# the blind Meat Cutter



## stevegomes (Aug 7, 2007)

hello. 
I am Steve the blind meat cutter from Denver Colorado. I am really blind and I got the name blind meat cutter from my friend Doctor Paul Gingrich who was a meat cutter for a store called Alfalfa's in boulder. I wanted to learn how to cut up whole chickens and he said "Let us close our eyes and cut meat and see how we do and we will call you if we think we can do it" So he called later and said come in tomorrow at 0800 and we will try it. He introduced me to customers as our new blind meat cutter. I learned how to make sausage and have all kinds of fun preparing food. Well, I need a new hobby and a new toy. I am going to get the Weber smoky Mountain soon. I am gona want to learn how to smoke brisket and pork and sausage. Right now I am on the virtual Weber board and am learning a lot there. So lets see if we can get any fatter and have fun. You can go to my web site and read the stories and see pictures of me and my Irish Catholic guide dog Finnegan. 

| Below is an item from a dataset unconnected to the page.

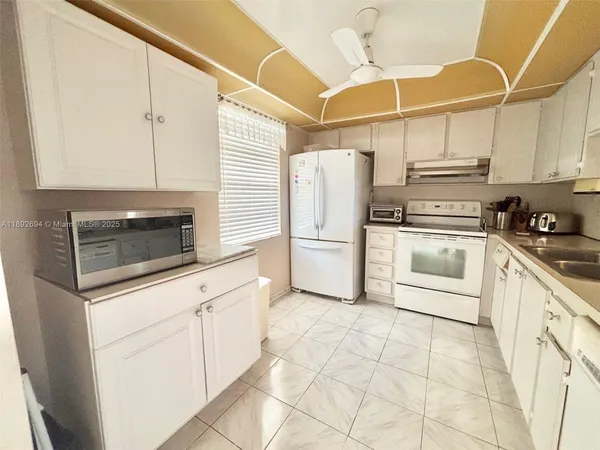 a kitchen with white cabinets and white appliances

Beer is proof God loves us and wants us to be happy. Benjamin Franklin 


my web site
www.11954.com/gomes
phone 720-747-4990


----------



## smok_n_okie (Aug 7, 2007)

Welcome, glad to have ya


----------



## wvsmokeman (Aug 7, 2007)

Welcome aboard the SMF!! Check out Jeff's free 5 day e-course on smoking meat http://www.smoking-meat.com/smoking-basics-ecourse.html. Glad you found us and I look forward to your posts!


----------



## desert smokin (Aug 7, 2007)

Welcome aboard. You came to the right place to hone your smokin skills. Keep us informed on your progress.


----------



## doc (Aug 7, 2007)

Good to have you aboard. Checked out your website. Feel free to ask if you have any questions!

Welcome to SMF!


----------



## richoso1 (Aug 7, 2007)

Wecome to the SMF. I respect the fact that you are continuing to challenge yourself. It helps to keep focus on life. I know you'll be in some smoke before you know it.


----------



## deejaydebi (Aug 7, 2007)

Welcome Steve -

You'll love this site. Wonderful friends, great recipes and all kinds of support for all kinds of smokers! Enjoy!


----------



## bigarm's smokin (Aug 7, 2007)

*Welcome aboard sir, and more power to ya! Terry
	

	
	
		
		



		
			




*


----------



## ba_loko (Aug 7, 2007)

Welcome to this forum.  There's many good folk here.  I look forward to hearing of your smokin'!  You're going to love it!


----------



## ultramag (Aug 7, 2007)

Welcome to SMF Steve!!! The WSM is an excellent beginners smoker IMO and TVWBB is a great resource to learn the nuances of mastering it.


----------



## msmith (Aug 7, 2007)

Welcome to SMF .


----------



## hawgheaven (Aug 7, 2007)

Welcome aboard Steve, glad you joined us! There is a wealth of knowledge here, so feel free to ask questions and share your experiences with us!

Take care!


----------



## blackhawk19 (Aug 7, 2007)

Welcome to the SMF


----------



## smokincowboy (Aug 7, 2007)

Welcome to the SMF


----------



## chris_harper (Aug 9, 2007)

welcome to SMF. glad you found us.


----------



## squeezy (Aug 9, 2007)

Welcome Steve to SMF ... I'd love to hear more about your support group and how you manage your life. I think we could learn a lot by emulating how you learned to cut meat by feel.
Hope we can be of some help to you, but I suspect we'll learn more from you.
Again welcome!


----------



## bbq bubba (Aug 9, 2007)

Welcome to the SMF 
	

	
	
		
		



		
		
	


	





  If a blind guy can use a knife, i guess you can play with fire!
P.S. how do you read the posts?


----------



## flagriller (Aug 9, 2007)

Welcome, glad you found us.


----------



## shellbellc (Aug 9, 2007)

Welcome aboard Steve and Finnegan!  I was wondering how you read the blog also.  There is a ton of useful knowledge, and being a butcher you'll have the best cuts of meat.  Can you "feel" the difference in well marbled cuts of beef???  I hope it's ok to ask these question..


----------



## deejaydebi (Aug 10, 2007)

My cousin is blind and his computer talks to him.  It reads the post to him. Kind of kewl. He's faster at searching the net than I am and I can see pretty well - relatively speaking.


----------



## coleysmokinbbq (Aug 20, 2007)

Hi Steve!...Welcome to the *SMF*!...
	

	
	
		
		



		
			






...We're glad to have you aboard!!...

Sorry it took so long to welcome you, but I've been offline due to ISP/computer problems since July 2...
	

	
	
		
		



		
		
	


	





Until later...


----------



## cheech (Aug 21, 2007)

So glad you found us and enjoy the great art of smoking meat. Sit back and enjoy the smell


----------